* **ACTION ITEM**: Please restate each entry that appears below word for word, without its pictures.
++++++
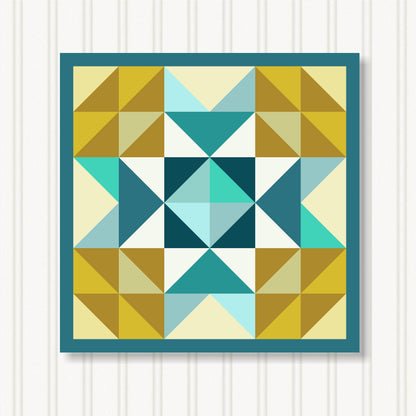The image is a vibrant and colorful quilt with a geometric pattern of triangles in various shades of yellow, blue, and green. The quilt is framed by a blue border and is displayed against a white background.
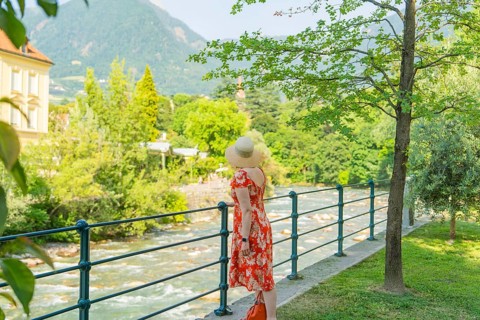 A woman looks at a river in the middle of a green, summery landscape, Merano, Italy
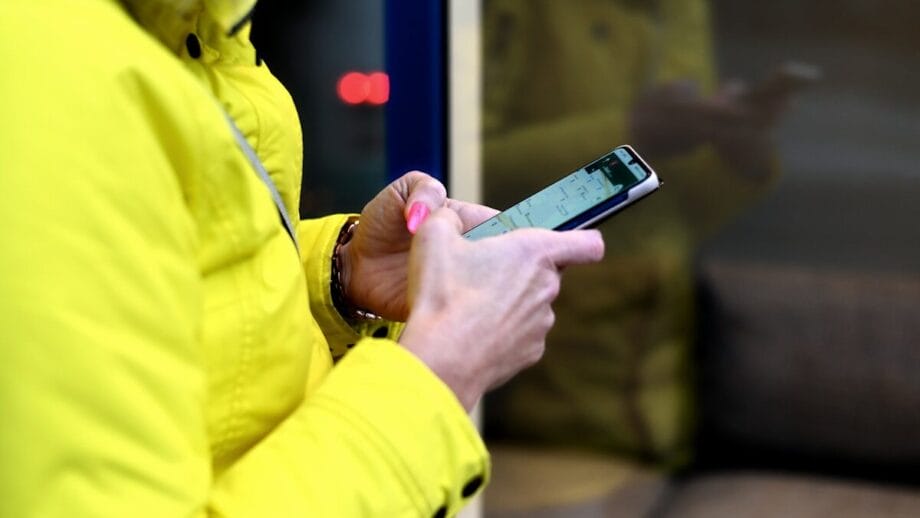 Person in a yellow jacket using a smartphone while standing next to a glass window.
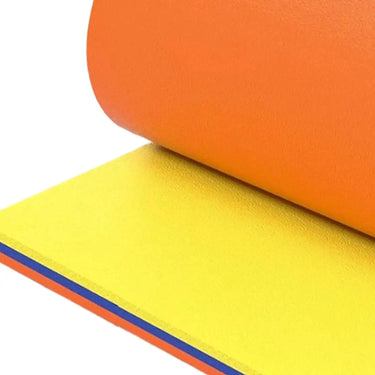 Oversized outdoor foam lounge mat by 24 Hour Sport, ideal for water relaxation and outdoor lounging on soft, cushioned surface.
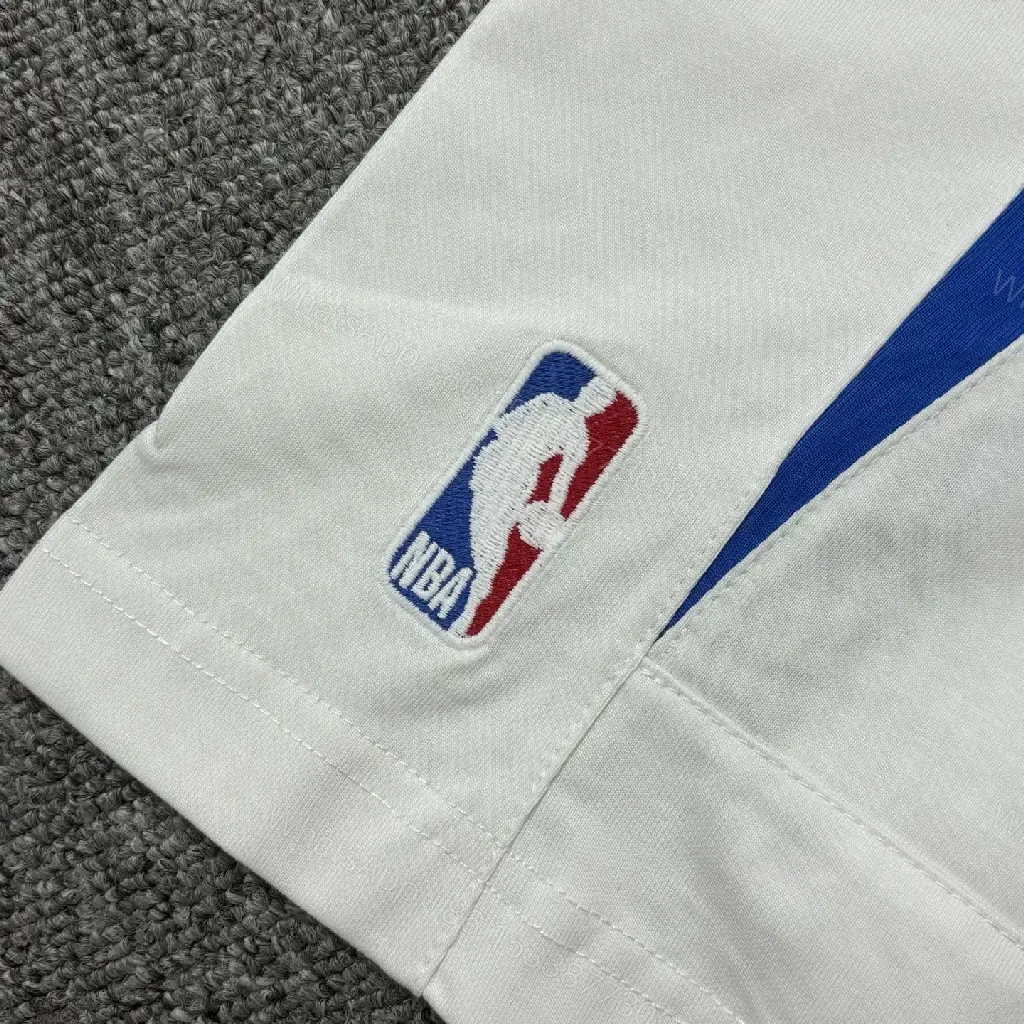 View 9 of Bold Black-White Statement Jersey Tee with Electric Blue Accents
++++++
* **EXERCISE OUTPUT**:
The image is a vibrant and colorful quilt with a geometric pattern of triangles in various shades of yellow, blue, and green. The quilt is framed by a blue border and is displayed against a white background.
 A woman looks at a river in the middle of a green, summery landscape, Merano, Italy
 Person in a yellow jacket using a smartphone while standing next to a glass window.
 Oversized outdoor foam lounge mat by 24 Hour Sport, ideal for water relaxation and outdoor lounging on soft, cushioned surface.
 View 9 of Bold Black-White Statement Jersey Tee with Electric Blue Accents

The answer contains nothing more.